夏木広介の日本語ワールド

駄目な日本語を斬る。いい加減な発言も斬る。文化、科学、芸能、政治、暮しと、目にした物は何でも。文句は過激なくらいがいい。

田母神論文は「日本人だれもが思っていること」か?

2008年11月08日 | Weblog
 11月7日の東京新聞に妙な事が載っている。

 政府筋は6日、田母神論文について、「麻生政権の一員として(個人の)持論を言うのは適切ではない」としながらも、「あんなもの、大した論文じゃない。日本人みんなが思っていることだ」と記者団に述べた。
 新テロ対策特別措置法改正案の審議中に論文が公表された点については「言ってはいけないタイミングだ。給油を継続したくない(野党の)人たちを利する」と指摘した。

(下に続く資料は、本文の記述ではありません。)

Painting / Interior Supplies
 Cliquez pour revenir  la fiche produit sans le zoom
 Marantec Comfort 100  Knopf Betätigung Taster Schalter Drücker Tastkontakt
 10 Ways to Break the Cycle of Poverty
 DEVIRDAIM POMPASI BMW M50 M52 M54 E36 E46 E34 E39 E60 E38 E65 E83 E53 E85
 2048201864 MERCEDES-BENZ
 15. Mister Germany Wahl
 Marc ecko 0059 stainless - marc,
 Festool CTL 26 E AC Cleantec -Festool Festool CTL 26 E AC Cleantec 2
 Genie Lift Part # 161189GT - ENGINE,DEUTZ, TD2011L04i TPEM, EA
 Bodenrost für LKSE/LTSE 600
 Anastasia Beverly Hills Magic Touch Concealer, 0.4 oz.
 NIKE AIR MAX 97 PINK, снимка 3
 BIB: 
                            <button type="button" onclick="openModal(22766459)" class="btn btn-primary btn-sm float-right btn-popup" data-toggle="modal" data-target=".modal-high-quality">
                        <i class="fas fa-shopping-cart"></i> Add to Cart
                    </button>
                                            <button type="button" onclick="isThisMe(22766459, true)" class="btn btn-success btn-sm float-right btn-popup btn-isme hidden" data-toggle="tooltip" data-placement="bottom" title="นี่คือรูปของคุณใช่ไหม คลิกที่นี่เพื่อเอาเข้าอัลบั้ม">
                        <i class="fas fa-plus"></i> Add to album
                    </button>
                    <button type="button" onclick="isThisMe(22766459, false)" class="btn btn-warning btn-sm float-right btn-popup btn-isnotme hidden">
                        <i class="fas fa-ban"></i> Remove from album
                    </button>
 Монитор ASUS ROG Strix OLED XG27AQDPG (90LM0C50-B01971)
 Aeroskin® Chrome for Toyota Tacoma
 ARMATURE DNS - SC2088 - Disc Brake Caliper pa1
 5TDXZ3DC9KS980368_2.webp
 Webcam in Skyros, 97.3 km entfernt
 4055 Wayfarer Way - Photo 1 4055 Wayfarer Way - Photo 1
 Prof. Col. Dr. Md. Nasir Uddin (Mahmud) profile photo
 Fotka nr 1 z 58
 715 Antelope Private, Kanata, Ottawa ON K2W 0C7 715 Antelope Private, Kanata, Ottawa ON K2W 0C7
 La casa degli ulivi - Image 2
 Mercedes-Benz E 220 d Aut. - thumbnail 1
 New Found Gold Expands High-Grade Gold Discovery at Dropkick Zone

 以上が小さな囲み記事のおよそ3分の2。見出しは「日本人みんな思っていること」である。

 この記事だけを読むと、内容が駄目だとは言っていない。むしろ褒めている。「日本人なら誰もが思っている」事、なんだから、そうなる。政府筋だって思っている訳だ。ただ、言った時期が悪かったのだ、と。
 「大した論文じゃない」との判断も非常に程度が低い。みんなが思っている事をきちんと筋道立てて言うのがどれだけ難しい事か。それが出来ていたからこそ、最優秀論文と認められたのではないのか。
 日本人みんなが思っていたって、単に漠然とした考えしかなければ、それは何の力にもならない。他国から「違うぞ」と突っ込まれたら、多分何の反論も出来ずに引き下がらざるを得まい。
 今までがそうだったではないか。すべてそうだったじゃないか。

 私は常々、日本人は筋道を立てた考え方をするのが苦手だと思っている。なぜなら、新聞の記事にしても、ベストセラーのノンフィクションにしても、いい加減な論理の物が非常に多い。どうしてこれで納得が行くのかと、大きな疑問がある。A→B→C→D→Eと論理が進んで行く場合に、A→Bの部分に論理の通らない事があれば、以下はすべて駄目になる道理である。AだからEだ、とはならない。それなのに、堂々とそれが成り立ってしまっている。A→Bの部分のいい加減さを見逃しているからだ。
 なぜか。その原因の一つに日本語の情緒的な表現に騙されている事が挙げられる。簡単に言えば、言葉に騙されている。そんな曖昧な言葉がいかに多いか。身の回りにうようよしている。
 大体、我々自身、きちんと考える事が不得手らしい。それが昨日も書いたが、国語辞典の様々な説明に明確に現れている。言葉の説明一つ、きちんと出来ないで、筋の通る論理は展開出来ない。下手をすれば、ちょっとした間違った言い方に引きずられて、それ以降がどんどん変な方向に向かってしまう事が多々ある。
 私自身、書いていて、接続詞を間違って、その後がおかしくなってしまった事を何度も経験している。順接の接続詞であるべき所に逆接の接続詞を使ってしまうと、何と、その「逆接」の気分に流されてしまう。文章と言うのは気分に乗って書いている。そうでなければ文章など書けない。書きたい、と言う気持が書かせている。だからこそ、自分自身の言葉が必要になる。他人から借りた言葉では、自分の思っている事の表現は出来ない。
 もちろん、書いた後に、自分の言葉を他人のもっと良い言葉に置き換える工夫は出来る。それは書き終わった後だからこそ出来るのであって、途中でそれをやると、往々にして失敗する。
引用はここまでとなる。